(DATA SHOWN begins)

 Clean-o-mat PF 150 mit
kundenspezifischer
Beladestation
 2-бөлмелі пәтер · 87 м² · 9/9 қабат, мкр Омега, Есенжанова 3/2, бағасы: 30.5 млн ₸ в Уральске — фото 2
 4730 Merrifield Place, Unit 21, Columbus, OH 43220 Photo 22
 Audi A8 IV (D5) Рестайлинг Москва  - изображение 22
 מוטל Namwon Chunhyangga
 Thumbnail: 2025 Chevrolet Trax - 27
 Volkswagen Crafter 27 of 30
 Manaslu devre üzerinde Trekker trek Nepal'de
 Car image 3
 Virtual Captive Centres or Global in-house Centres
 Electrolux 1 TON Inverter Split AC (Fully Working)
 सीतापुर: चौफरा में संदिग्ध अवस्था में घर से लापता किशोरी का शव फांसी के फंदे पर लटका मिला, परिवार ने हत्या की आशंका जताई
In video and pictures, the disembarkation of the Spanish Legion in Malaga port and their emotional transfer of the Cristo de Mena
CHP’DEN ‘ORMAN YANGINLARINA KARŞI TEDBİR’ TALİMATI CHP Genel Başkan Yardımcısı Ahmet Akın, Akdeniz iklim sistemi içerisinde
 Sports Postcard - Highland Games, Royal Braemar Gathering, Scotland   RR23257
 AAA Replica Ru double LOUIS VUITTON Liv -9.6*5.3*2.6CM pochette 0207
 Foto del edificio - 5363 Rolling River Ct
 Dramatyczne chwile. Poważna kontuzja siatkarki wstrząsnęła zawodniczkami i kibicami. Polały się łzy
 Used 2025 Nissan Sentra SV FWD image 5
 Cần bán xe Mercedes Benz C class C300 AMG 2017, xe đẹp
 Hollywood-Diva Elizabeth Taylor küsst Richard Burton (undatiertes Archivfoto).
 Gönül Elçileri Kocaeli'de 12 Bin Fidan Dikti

(DATA SHOWN ends)

### WORK REQUIRED
Working from the material above, restate word for word the lines between the line with "सीतापुर: चौफरा में" and the line with "Foto del edificio - 5363 Rolling River Ct", both included, and only those.

### OUTPUT OF THE TASK
 सीतापुर: चौफरा में संदिग्ध अवस्था में घर से लापता किशोरी का शव फांसी के फंदे पर लटका मिला, परिवार ने हत्या की आशंका जताई
In video and pictures, the disembarkation of the Spanish Legion in Malaga port and their emotional transfer of the Cristo de Mena
CHP’DEN ‘ORMAN YANGINLARINA KARŞI TEDBİR’ TALİMATI CHP Genel Başkan Yardımcısı Ahmet Akın, Akdeniz iklim sistemi içerisinde
 Sports Postcard - Highland Games, Royal Braemar Gathering, Scotland   RR23257
 AAA Replica Ru double LOUIS VUITTON Liv -9.6*5.3*2.6CM pochette 0207
 Foto del edificio - 5363 Rolling River Ct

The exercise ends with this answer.